- Interactive map of Fiamma Osteria

Restaurant information
- Established: 2002
- Closed: 2009
- Location: 206 Spring Street, New York City, New York, 10012, United States
- Coordinates: 40°43′31.1″N 74°0′13.5″W﻿ / ﻿40.725306°N 74.003750°W

= Fiamma Osteria =

Defunct restaurant in New York City, U.S.

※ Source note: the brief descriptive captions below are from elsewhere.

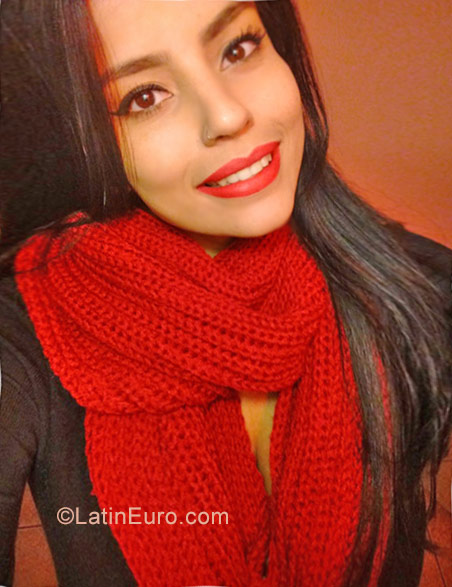 Date this cute United States girl Tayana from Newark US17702
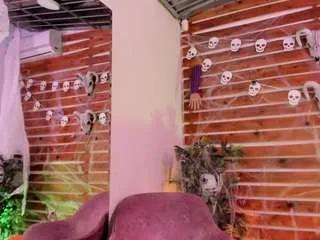 Offline meganslaves on CamSoda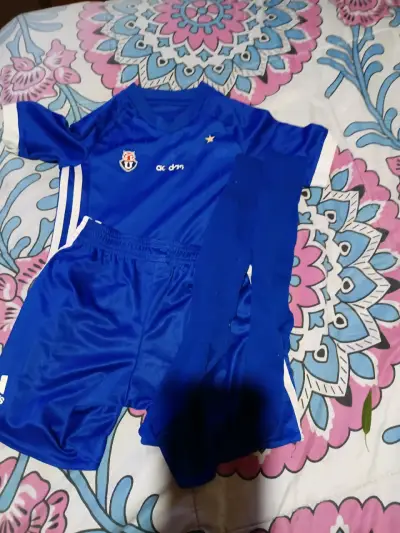 Conjunto deportivo azul U de Chile - miniatura 6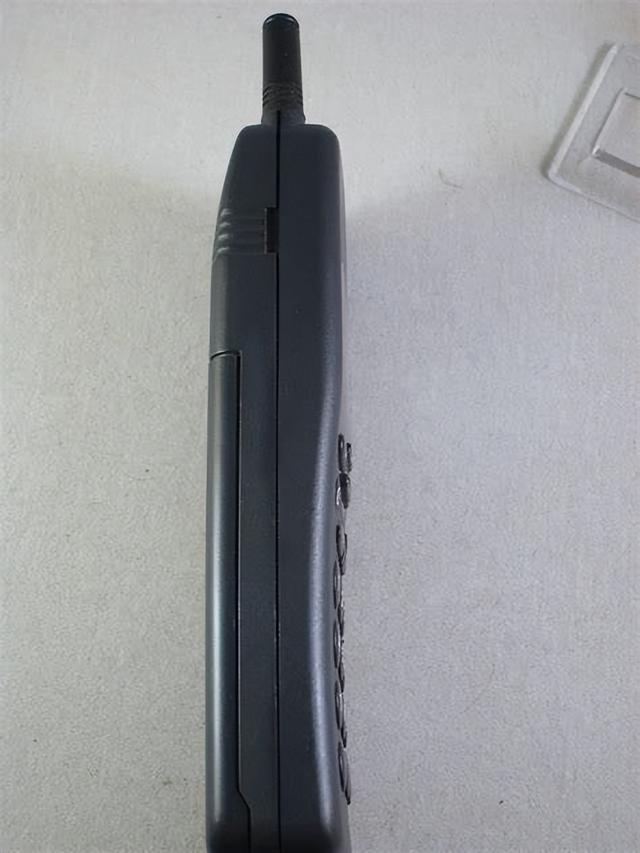 通信历史连载801-第一部GSM手机-三星SGH-100和三洋DMP951-1995年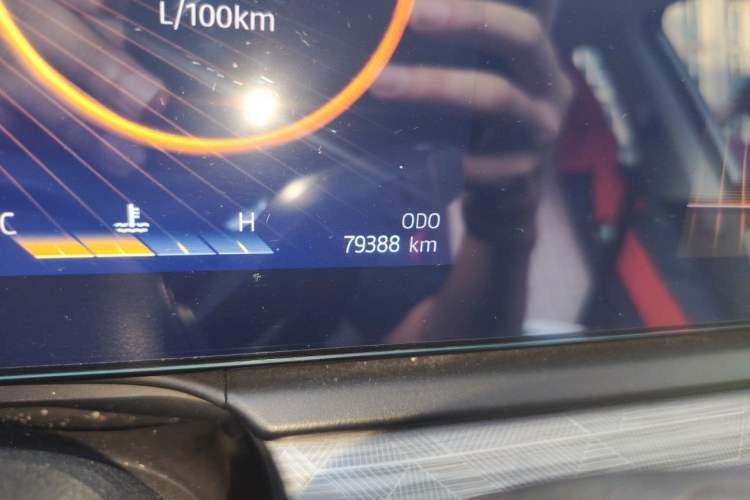 Used SOL QX 2021 300T DCT Prestige Smart Connectivity Version Odometer Close Up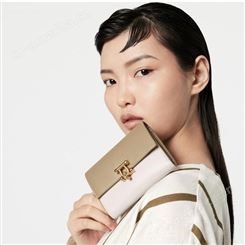 2020夏季新品女士钱包卡扣金属装饰多卡位迷你折叠短款女士手拿包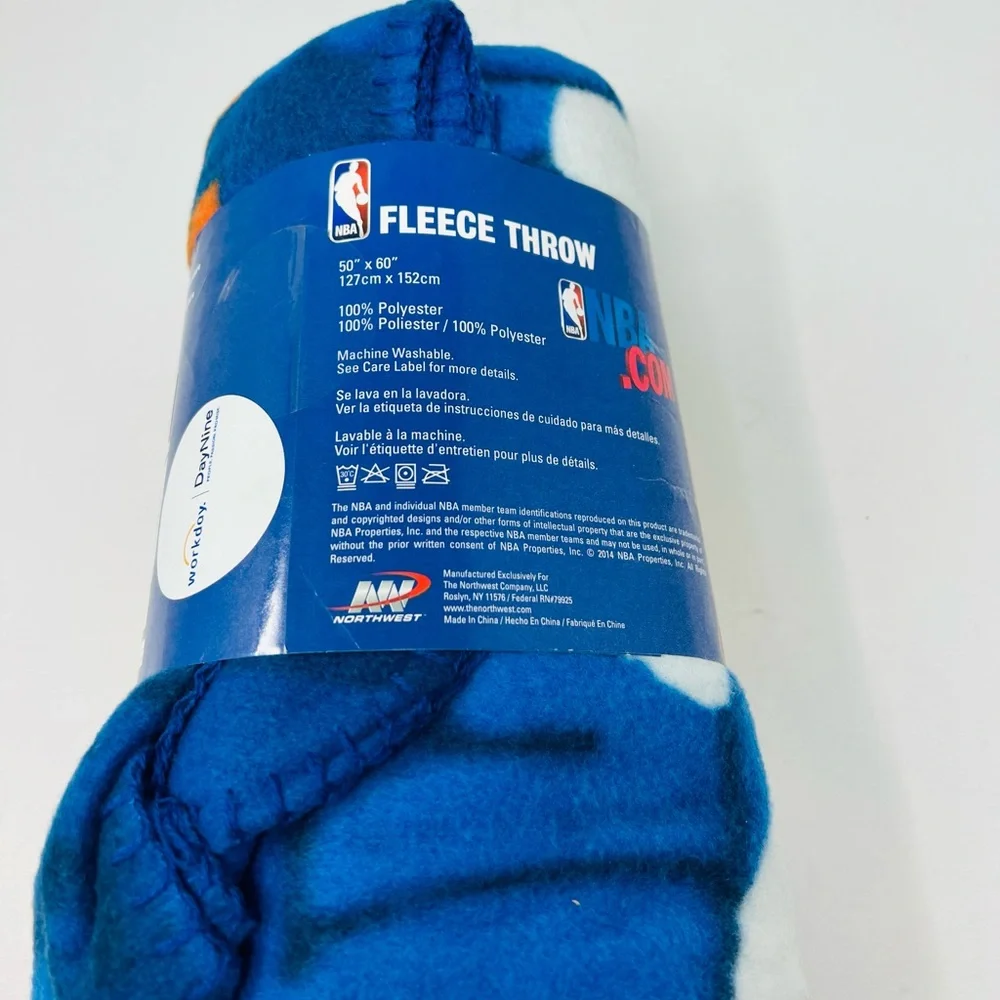 NBA**NEW YORK KNICKS Fleece Throw**50” x 60” NEW!! - Picture 2 of 4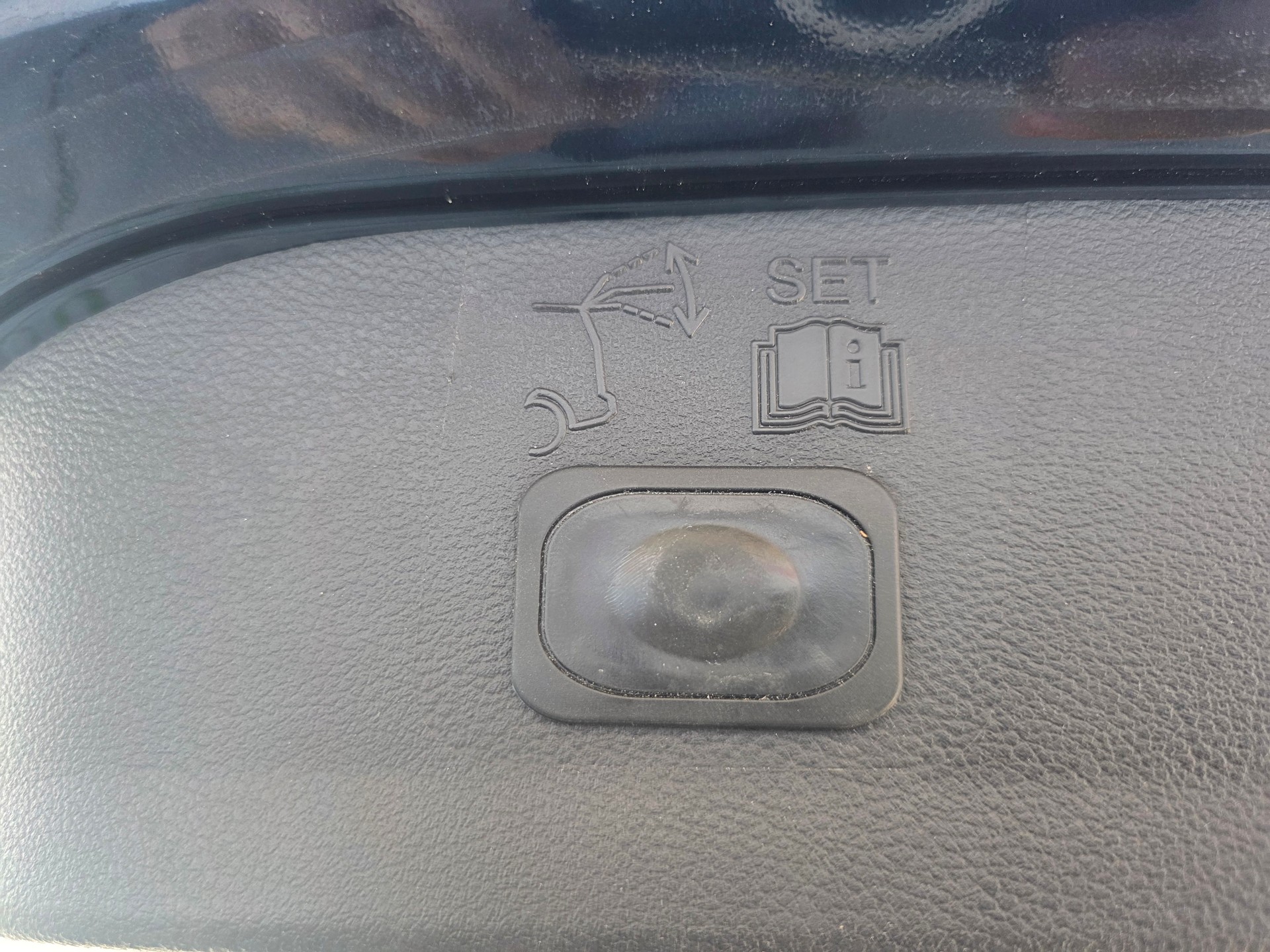 FORD Kuga 2.0 TDCi Titanium 4WD PowerShift-image-13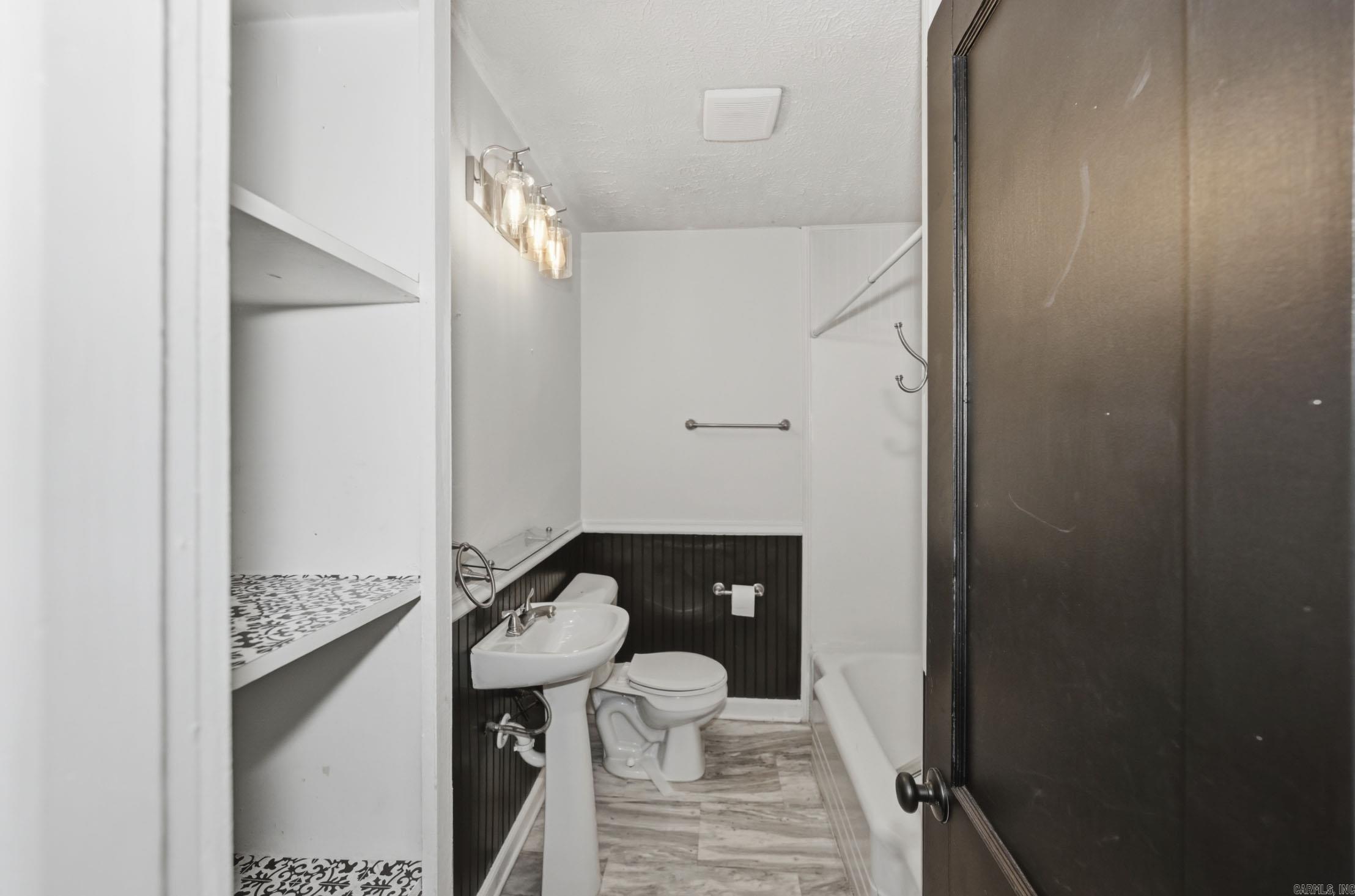 FOREST HILLS - Residential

Fiamma Osteria (later known as simply Fiamma) was a restaurant in New York City. The restaurant had received a Michelin star in 2006, 2007 and 2009. The interior was designed by Jeffrey Beers International.

==Staff==
Fiamma Osteria was Founded by Michael White and Stephen Hanson. Michael White served as the first executive chef and co-owner from 2002 to 2006. He departed due to ongoing disagreements about the restaurant's direction. He was succeeded by Christian Fantoni (2006–2007) and Fabio Trabocchi (2007–2009).

==Closure==
After closing in January 2009, Fiamma briefly operated as an event space until its sale to Corigin Real Estate Group in November 2012. The decision to close was influenced by the 2008 financial crisis and the restaurant's location, which proved to be somewhat disconnected from both the heart of SoHo and the more suitable neighborhood of Tribeca, which might have been a better fit for its high-end offerings.